The purpose of this is to address a question about reclassifying a numeric vector of ages into a character vector or factor vector of age classes. I simulate some ages and go through a few possible approaches. These approaches rely on the case_when() function from the dplyr package and fct_relevel() function from the forcats packages. Some additional base R is thrown in for the optional approaches. These include:

The final approach would be my preferred approach as it is concise and does not lose any readability.

Generate some age data

# set seed for random age generation
set.seed(717)
# make a vector of random but likely ages
sim_ages <- abs(floor(rnorm(100,30,30)))
# look at distribution
print(sim_ages)
  [1] 71 49 26 23 36 38 50 66 53  7 19 31  6 29 32 77  1 25 32 26  4 19 23
 [24] 26  9 63 35 15 71 13 40 38 53 88 31 71 26 14 37 23  2 35 22 48  0 30
 [47] 22 78  7 41 73 22 96  3 17 35 51 21 59 71 67 54 16 40 56 21 24 36  1
 [70] 51  8 79 18 37 26 41 54 42  4 38 55 10 18 54 42 28 13 12 22 36 48 41
 [93] 19 28  8 20  1 65 34 25
hist(sim_ages)

dplyr::case_when() Approach

The dplyr::case_when() function is a vectorized set of if ... ifelse statements. We’ll use it to categorize the ages into age categories (* note, I am in the “Old’ish” category, so I can be mean like that )

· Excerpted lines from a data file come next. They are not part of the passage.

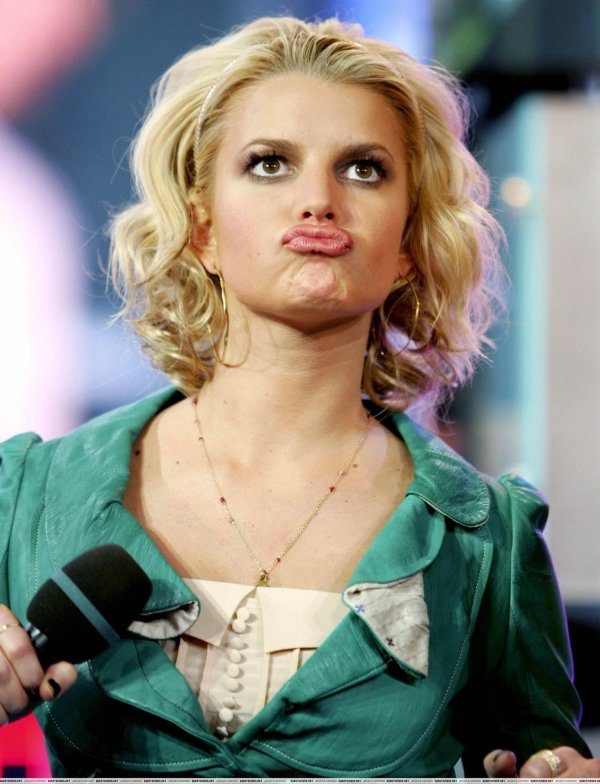 jessica simpson tongue
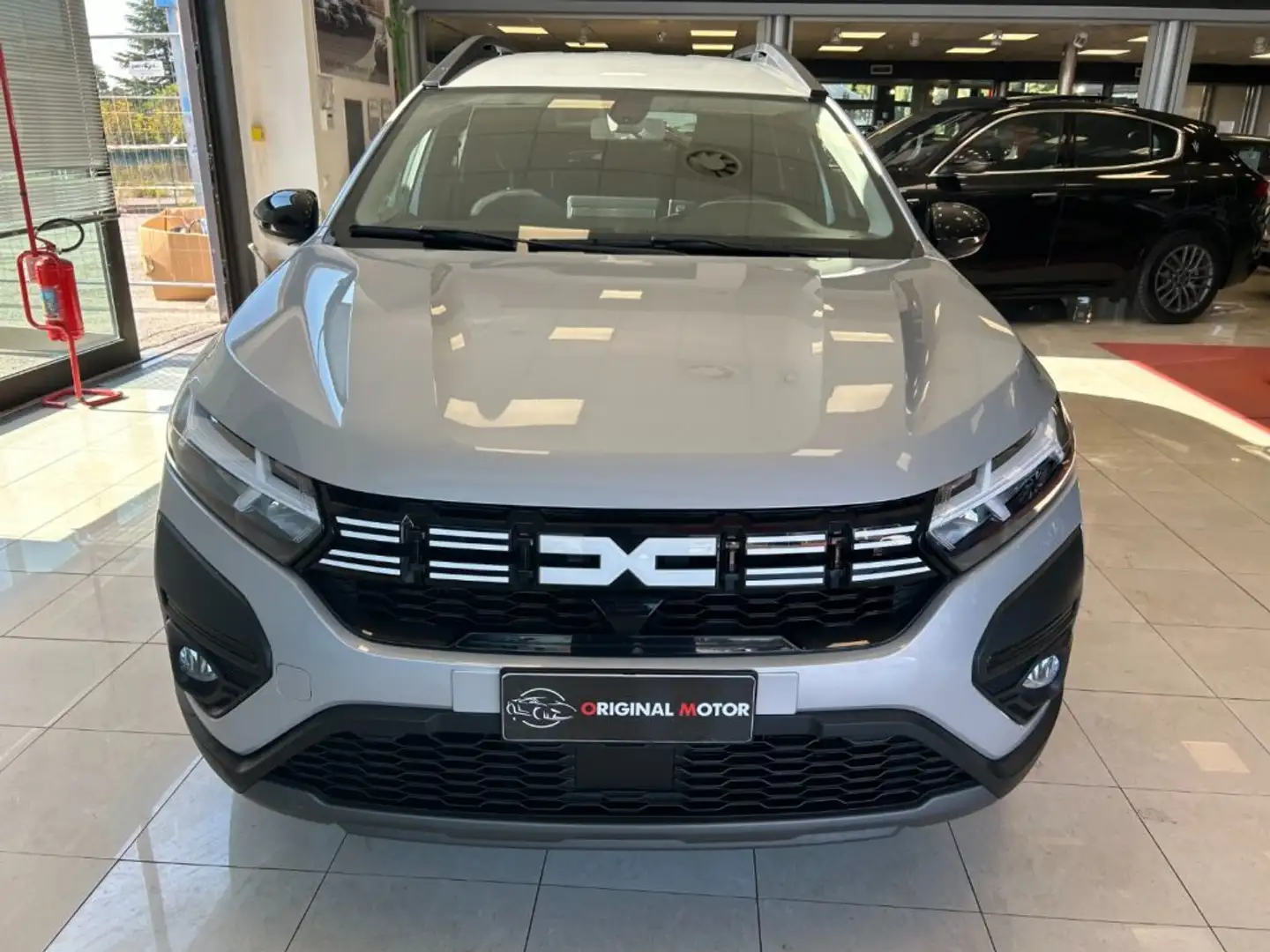 Dacia Jogger 1.0 TCe GPL 100 CV 7 posti Extreme Argento - 1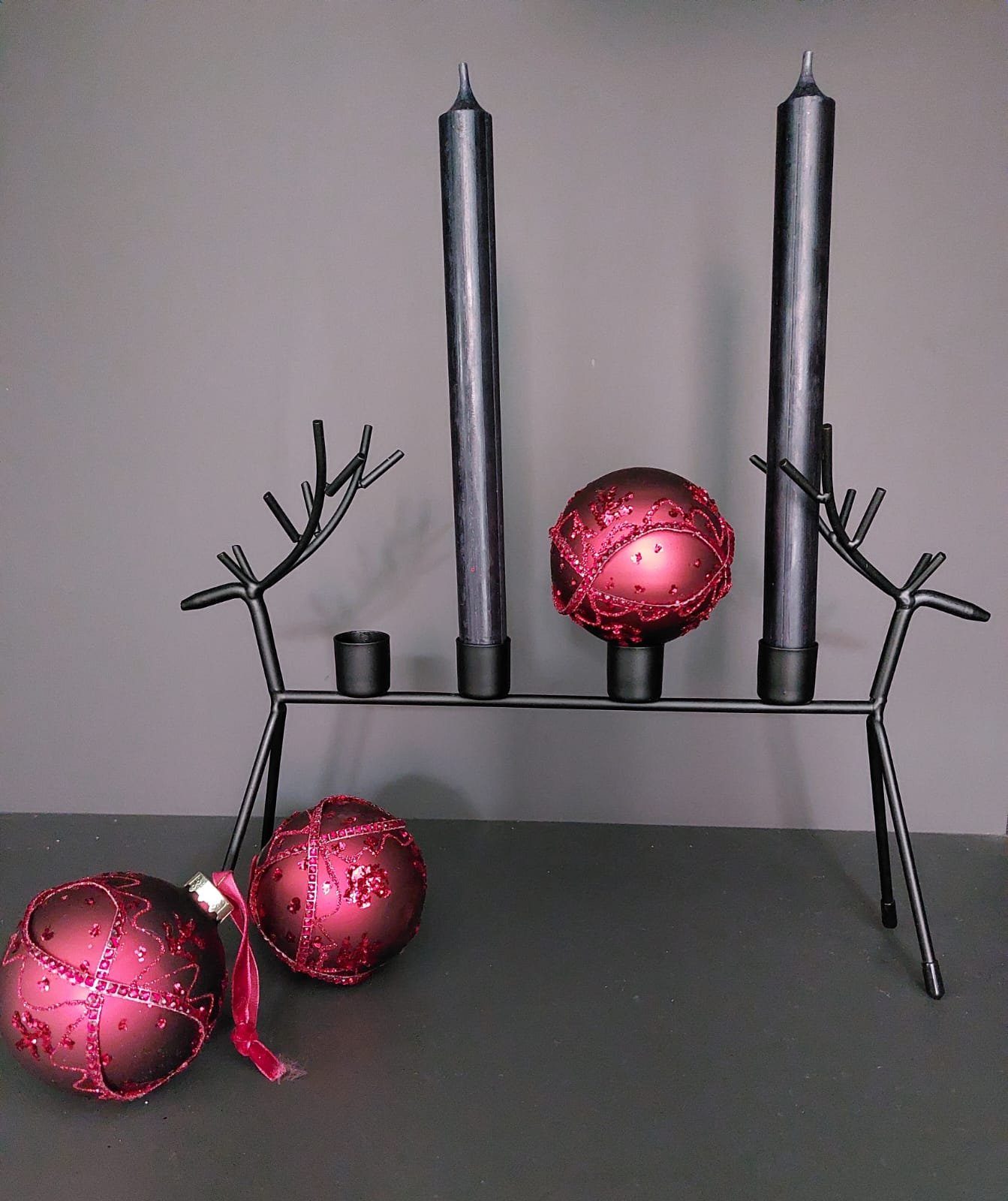 Florissima Kerzenhalter Metall Kerzenständer schwarz Elchform Adventskranz modern (1 Kerzenständer für 4 Kerzen), Aus Metall, kratzfeste Füße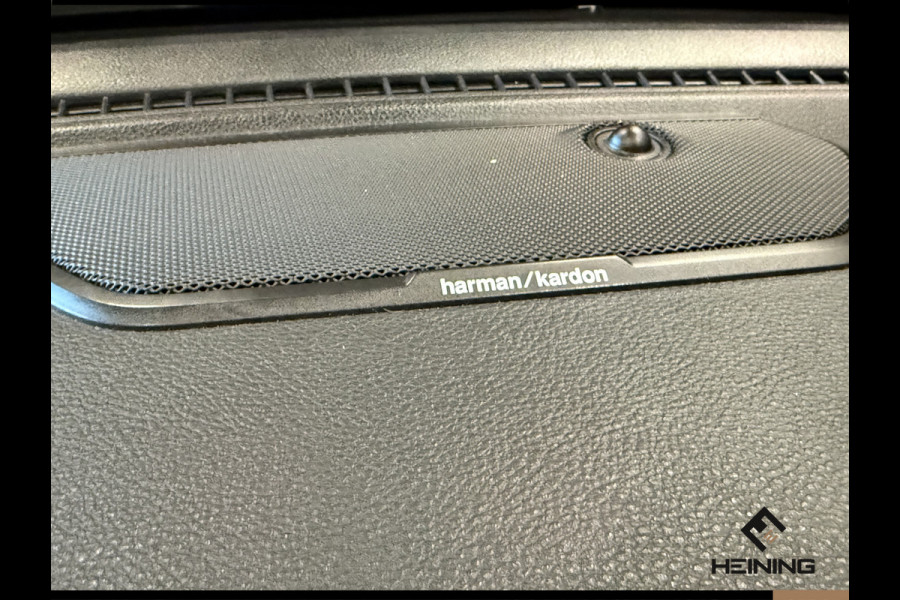 Dodge Ram 1500 5.7 V8 4x4 Crew Cab Laramie Sport. Black Edition. Apple-carplay. Navi. Pano. Train Horn. NAP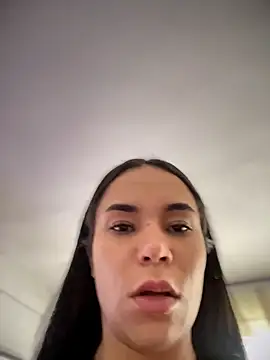 Naatalia online show from December 2025 07:32:01 PM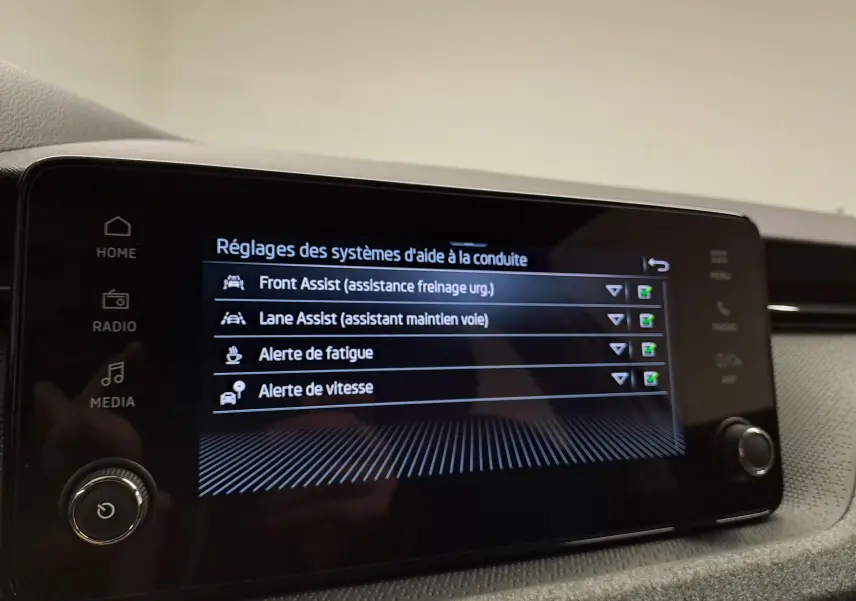 Écran tactile central du Skoda Kamiq 2025 affichant les réglages des aides à la conduite en intérieur.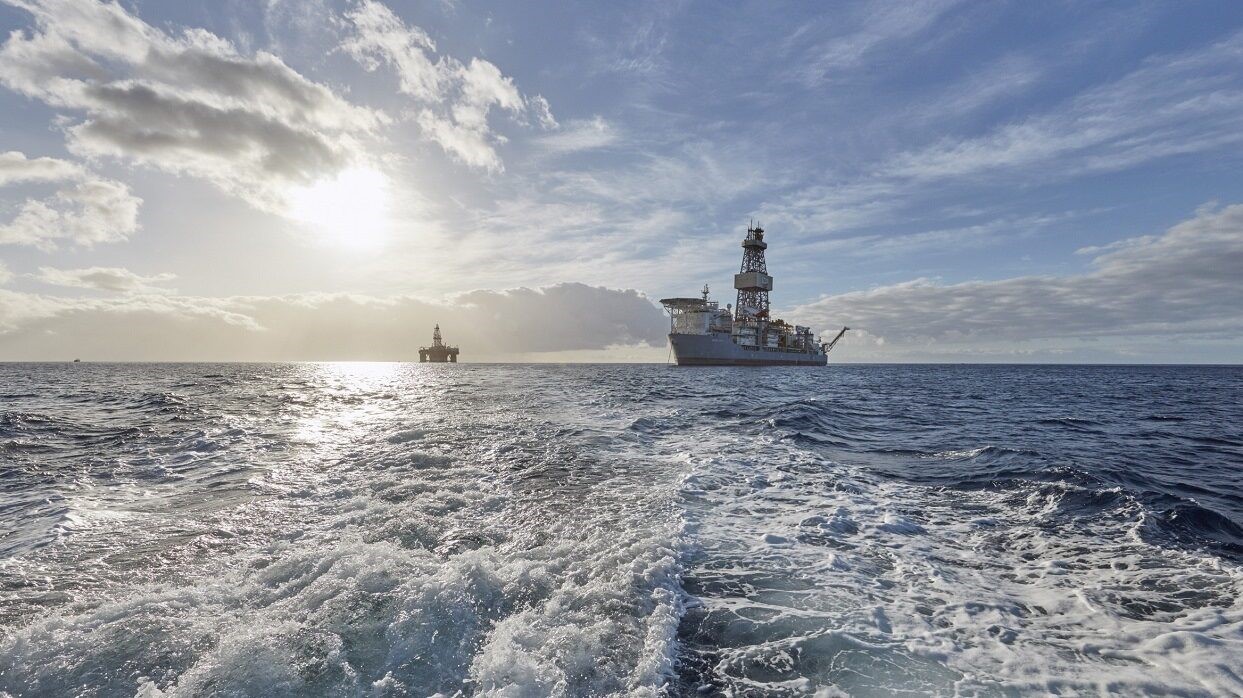 2023-9-13-offshore-living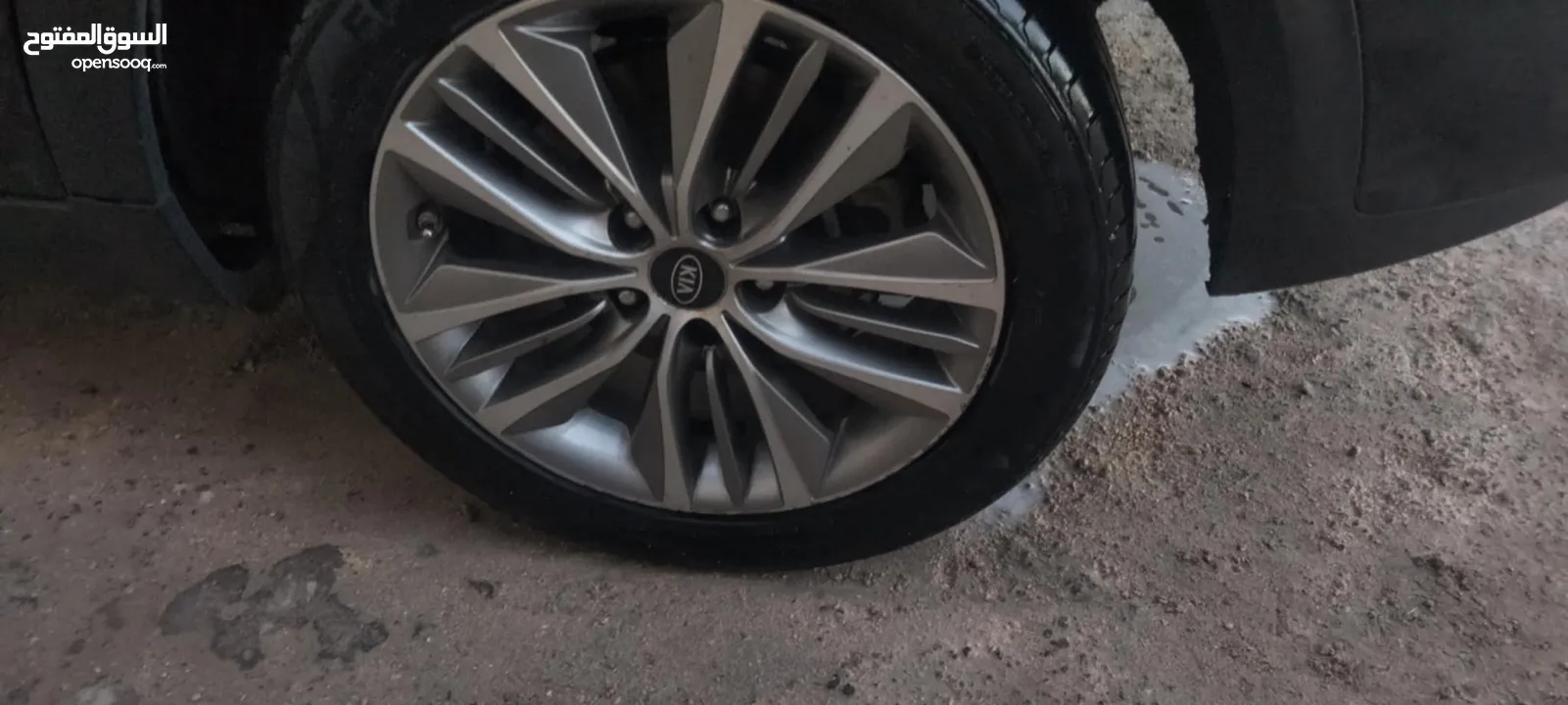 جنط 17 مع كوشوك أو بدون بحال الوكاله خالي من اي عيوب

Note the > and <= to make open and close ends to the age ranges sets. Also note that any age less than 0 and greater than 125 (oldest person ever was 122.5 y.o.) will return NA. You could (should) set up catches for out of bounds data such as that somewhere in your analysis

As Character

First treating the output as a vector of characters since that seemed to be part of your question. But we will see in the plot that there are problems with this.

new_ages <- case_when(
  sim_ages >=  0 & sim_ages <= 3   ~ "Baby",
  sim_ages >  3 & sim_ages <= 5    ~ "Toddler",
  sim_ages >  5 & sim_ages <= 12   ~ "Kid",
  sim_ages >  12 & sim_ages <= 19  ~ "Teenager",
  sim_ages >  19 & sim_ages <= 30  ~ "Twenty something",
  sim_ages >  30 & sim_ages <= 65  ~ "Old'ish",
  sim_ages >  65 & sim_ages <= 90  ~ "Senior",
  sim_ages >  90 & sim_ages <= 125 ~ "Super Hero"
)
print(new_ages)
  [1] "Senior"           "Old'ish"          "Twenty something"
  [4] "Twenty something" "Old'ish"          "Old'ish"         
  [7] "Old'ish"          "Senior"           "Old'ish"         
 [10] "Kid"              "Teenager"         "Old'ish"         
 [13] "Kid"              "Twenty something" "Old'ish"         
 [16] "Senior"           "Baby"             "Twenty something"
 [19] "Old'ish"          "Twenty something" "Toddler"         
 [22] "Teenager"         "Twenty something" "Twenty something"
 [25] "Kid"              "Old'ish"          "Old'ish"         
 [28] "Teenager"         "Senior"           "Teenager"        
 [31] "Old'ish"          "Old'ish"          "Old'ish"         
 [34] "Senior"           "Old'ish"          "Senior"          
 [37] "Twenty something" "Teenager"         "Old'ish"         
 [40] "Twenty something" "Baby"             "Old'ish"         
 [43] "Twenty something" "Old'ish"          "Baby"            
 [46] "Twenty something" "Twenty something" "Senior"          
 [49] "Kid"              "Old'ish"          "Senior"          
 [52] "Twenty something" "Super Hero"       "Baby"            
 [55] "Teenager"         "Old'ish"          "Old'ish"         
 [58] "Twenty something" "Old'ish"          "Senior"          
 [61] "Senior"           "Old'ish"          "Teenager"        
 [64] "Old'ish"          "Old'ish"          "Twenty something"
 [67] "Twenty something" "Old'ish"          "Baby"            
 [70] "Old'ish"          "Kid"              "Senior"          
 [73] "Teenager"         "Old'ish"          "Twenty something"
 [76] "Old'ish"          "Old'ish"          "Old'ish"         
 [79] "Toddler"          "Old'ish"          "Old'ish"         
 [82] "Kid"              "Teenager"         "Old'ish"         
 [85] "Old'ish"          "Twenty something" "Teenager"        
 [88] "Kid"              "Twenty something" "Old'ish"         
 [91] "Old'ish"          "Old'ish"          "Teenager"        
 [94] "Twenty something" "Kid"              "Twenty something"
 [97] "Baby"             "Old'ish"          "Old'ish"         
[100] "Twenty something"

Preservce as character

convert character vector to a data.frame for plotting. I use stringsAsFactors = FALSE to conserve the character class of our data (as opposed to automatically converting to factor)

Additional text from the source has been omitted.